§ Task objective
Quote the lines below exactly, from the one that holds "Boom arm, saddlebag, and" through the final line of the records, and only those.

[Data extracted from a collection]
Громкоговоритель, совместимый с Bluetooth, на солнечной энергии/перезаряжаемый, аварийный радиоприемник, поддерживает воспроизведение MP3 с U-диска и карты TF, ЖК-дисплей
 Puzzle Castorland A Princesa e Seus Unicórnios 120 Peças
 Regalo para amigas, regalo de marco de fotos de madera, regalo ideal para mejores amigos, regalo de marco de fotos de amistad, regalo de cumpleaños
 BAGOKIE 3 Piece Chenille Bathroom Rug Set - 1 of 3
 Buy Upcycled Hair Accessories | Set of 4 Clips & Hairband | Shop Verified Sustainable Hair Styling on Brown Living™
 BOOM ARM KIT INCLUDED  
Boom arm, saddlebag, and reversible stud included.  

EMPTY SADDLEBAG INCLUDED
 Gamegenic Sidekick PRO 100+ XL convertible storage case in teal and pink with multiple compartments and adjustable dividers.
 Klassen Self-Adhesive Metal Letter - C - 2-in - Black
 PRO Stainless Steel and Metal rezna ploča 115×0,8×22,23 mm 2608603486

§ Solution to this problem
Boom arm, saddlebag, and reversible stud included.  

EMPTY SADDLEBAG INCLUDED
 Gamegenic Sidekick PRO 100+ XL convertible storage case in teal and pink with multiple compartments and adjustable dividers.
 Klassen Self-Adhesive Metal Letter - C - 2-in - Black
 PRO Stainless Steel and Metal rezna ploča 115×0,8×22,23 mm 2608603486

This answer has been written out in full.